INFORMATION SUPPLIED:
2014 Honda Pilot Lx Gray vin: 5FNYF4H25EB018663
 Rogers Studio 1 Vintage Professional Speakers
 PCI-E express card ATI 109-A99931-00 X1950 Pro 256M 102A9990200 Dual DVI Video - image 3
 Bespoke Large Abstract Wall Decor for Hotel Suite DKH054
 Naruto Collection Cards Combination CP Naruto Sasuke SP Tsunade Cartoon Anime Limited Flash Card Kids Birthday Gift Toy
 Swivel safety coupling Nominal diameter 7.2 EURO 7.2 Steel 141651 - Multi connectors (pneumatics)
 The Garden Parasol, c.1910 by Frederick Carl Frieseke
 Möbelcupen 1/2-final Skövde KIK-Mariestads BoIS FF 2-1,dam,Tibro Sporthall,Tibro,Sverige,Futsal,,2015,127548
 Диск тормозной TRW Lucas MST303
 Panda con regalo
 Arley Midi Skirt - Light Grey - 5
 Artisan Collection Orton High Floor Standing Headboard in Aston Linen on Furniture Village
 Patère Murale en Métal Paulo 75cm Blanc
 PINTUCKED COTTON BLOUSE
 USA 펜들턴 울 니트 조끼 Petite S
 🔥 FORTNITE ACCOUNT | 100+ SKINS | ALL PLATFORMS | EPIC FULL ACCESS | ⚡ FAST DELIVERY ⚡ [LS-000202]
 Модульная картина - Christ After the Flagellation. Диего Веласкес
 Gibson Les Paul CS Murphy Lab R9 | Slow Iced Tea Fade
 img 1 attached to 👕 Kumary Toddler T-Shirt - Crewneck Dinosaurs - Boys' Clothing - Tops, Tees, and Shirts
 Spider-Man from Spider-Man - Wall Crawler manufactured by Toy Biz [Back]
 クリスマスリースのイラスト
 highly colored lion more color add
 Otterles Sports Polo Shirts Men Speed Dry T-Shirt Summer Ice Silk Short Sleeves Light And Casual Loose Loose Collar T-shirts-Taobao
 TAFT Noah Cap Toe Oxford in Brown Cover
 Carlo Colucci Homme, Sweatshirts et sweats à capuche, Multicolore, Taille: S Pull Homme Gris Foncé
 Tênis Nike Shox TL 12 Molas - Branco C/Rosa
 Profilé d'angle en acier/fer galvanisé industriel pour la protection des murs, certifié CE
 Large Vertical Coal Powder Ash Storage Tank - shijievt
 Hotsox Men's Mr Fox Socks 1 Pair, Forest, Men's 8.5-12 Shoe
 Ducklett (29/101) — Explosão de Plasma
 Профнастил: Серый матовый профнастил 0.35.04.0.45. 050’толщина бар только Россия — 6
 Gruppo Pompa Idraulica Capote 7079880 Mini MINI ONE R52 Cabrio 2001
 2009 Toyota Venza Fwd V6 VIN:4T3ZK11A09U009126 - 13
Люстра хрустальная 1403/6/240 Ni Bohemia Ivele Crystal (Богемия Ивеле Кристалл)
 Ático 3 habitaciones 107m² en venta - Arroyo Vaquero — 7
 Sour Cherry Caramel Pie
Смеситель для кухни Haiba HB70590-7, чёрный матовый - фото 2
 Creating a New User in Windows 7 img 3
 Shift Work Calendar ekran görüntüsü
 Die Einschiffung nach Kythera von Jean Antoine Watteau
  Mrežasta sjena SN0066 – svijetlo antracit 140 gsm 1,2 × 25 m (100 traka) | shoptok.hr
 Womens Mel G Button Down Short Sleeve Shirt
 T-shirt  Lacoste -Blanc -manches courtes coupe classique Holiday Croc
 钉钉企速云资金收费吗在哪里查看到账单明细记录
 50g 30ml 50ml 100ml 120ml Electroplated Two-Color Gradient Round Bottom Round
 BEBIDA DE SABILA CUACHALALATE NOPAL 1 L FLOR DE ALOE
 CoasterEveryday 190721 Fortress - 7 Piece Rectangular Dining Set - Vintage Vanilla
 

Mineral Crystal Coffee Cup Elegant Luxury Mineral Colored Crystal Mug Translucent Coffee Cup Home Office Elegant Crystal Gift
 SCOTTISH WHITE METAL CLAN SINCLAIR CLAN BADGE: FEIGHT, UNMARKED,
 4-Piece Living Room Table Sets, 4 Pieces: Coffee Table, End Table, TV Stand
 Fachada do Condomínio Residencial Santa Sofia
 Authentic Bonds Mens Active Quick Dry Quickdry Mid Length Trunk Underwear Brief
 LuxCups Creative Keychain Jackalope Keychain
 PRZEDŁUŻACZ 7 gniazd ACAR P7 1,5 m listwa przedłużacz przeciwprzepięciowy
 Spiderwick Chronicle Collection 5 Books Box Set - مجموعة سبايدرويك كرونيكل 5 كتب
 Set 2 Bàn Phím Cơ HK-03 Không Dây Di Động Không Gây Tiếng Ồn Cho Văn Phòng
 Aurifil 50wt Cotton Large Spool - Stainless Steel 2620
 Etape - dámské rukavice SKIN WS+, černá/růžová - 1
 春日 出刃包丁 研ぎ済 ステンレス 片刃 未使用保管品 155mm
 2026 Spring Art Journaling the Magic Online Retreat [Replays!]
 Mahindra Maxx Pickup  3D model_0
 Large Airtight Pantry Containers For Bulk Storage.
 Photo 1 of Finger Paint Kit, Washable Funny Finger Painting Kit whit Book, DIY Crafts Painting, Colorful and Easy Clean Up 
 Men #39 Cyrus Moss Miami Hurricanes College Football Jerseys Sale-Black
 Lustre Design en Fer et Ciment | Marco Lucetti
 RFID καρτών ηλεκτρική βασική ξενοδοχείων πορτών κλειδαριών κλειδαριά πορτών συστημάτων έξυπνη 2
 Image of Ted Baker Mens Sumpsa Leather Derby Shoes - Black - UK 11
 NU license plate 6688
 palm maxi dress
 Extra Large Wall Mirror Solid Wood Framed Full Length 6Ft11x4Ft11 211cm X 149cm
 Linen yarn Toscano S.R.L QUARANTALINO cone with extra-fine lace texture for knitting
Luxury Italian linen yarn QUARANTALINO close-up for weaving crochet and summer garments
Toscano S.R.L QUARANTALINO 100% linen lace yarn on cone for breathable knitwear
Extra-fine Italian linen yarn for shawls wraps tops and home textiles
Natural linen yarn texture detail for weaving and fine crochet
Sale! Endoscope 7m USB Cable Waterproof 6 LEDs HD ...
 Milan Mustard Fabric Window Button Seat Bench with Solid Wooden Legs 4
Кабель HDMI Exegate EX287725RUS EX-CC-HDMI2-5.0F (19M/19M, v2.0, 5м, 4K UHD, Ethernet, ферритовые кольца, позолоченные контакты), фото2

PROBLEM STATEMENT: Take the lines from the first line of the records through the line holding "Large Vertical Coal", both included, and please reproduce them exactly with nothing added.

RESPONSE TO THIS TASK:
2014 Honda Pilot Lx Gray vin: 5FNYF4H25EB018663
 Rogers Studio 1 Vintage Professional Speakers
 PCI-E express card ATI 109-A99931-00 X1950 Pro 256M 102A9990200 Dual DVI Video - image 3
 Bespoke Large Abstract Wall Decor for Hotel Suite DKH054
 Naruto Collection Cards Combination CP Naruto Sasuke SP Tsunade Cartoon Anime Limited Flash Card Kids Birthday Gift Toy
 Swivel safety coupling Nominal diameter 7.2 EURO 7.2 Steel 141651 - Multi connectors (pneumatics)
 The Garden Parasol, c.1910 by Frederick Carl Frieseke
 Möbelcupen 1/2-final Skövde KIK-Mariestads BoIS FF 2-1,dam,Tibro Sporthall,Tibro,Sverige,Futsal,,2015,127548
 Диск тормозной TRW Lucas MST303
 Panda con regalo
 Arley Midi Skirt - Light Grey - 5
 Artisan Collection Orton High Floor Standing Headboard in Aston Linen on Furniture Village
 Patère Murale en Métal Paulo 75cm Blanc
 PINTUCKED COTTON BLOUSE
 USA 펜들턴 울 니트 조끼 Petite S
 🔥 FORTNITE ACCOUNT | 100+ SKINS | ALL PLATFORMS | EPIC FULL ACCESS | ⚡ FAST DELIVERY ⚡ [LS-000202]
 Модульная картина - Christ After the Flagellation. Диего Веласкес
 Gibson Les Paul CS Murphy Lab R9 | Slow Iced Tea Fade
 img 1 attached to 👕 Kumary Toddler T-Shirt - Crewneck Dinosaurs - Boys' Clothing - Tops, Tees, and Shirts
 Spider-Man from Spider-Man - Wall Crawler manufactured by Toy Biz [Back]
 クリスマスリースのイラスト
 highly colored lion more color add
 Otterles Sports Polo Shirts Men Speed Dry T-Shirt Summer Ice Silk Short Sleeves Light And Casual Loose Loose Collar T-shirts-Taobao
 TAFT Noah Cap Toe Oxford in Brown Cover
 Carlo Colucci Homme, Sweatshirts et sweats à capuche, Multicolore, Taille: S Pull Homme Gris Foncé
 Tênis Nike Shox TL 12 Molas - Branco C/Rosa
 Profilé d'angle en acier/fer galvanisé industriel pour la protection des murs, certifié CE
 Large Vertical Coal Powder Ash Storage Tank - shijievt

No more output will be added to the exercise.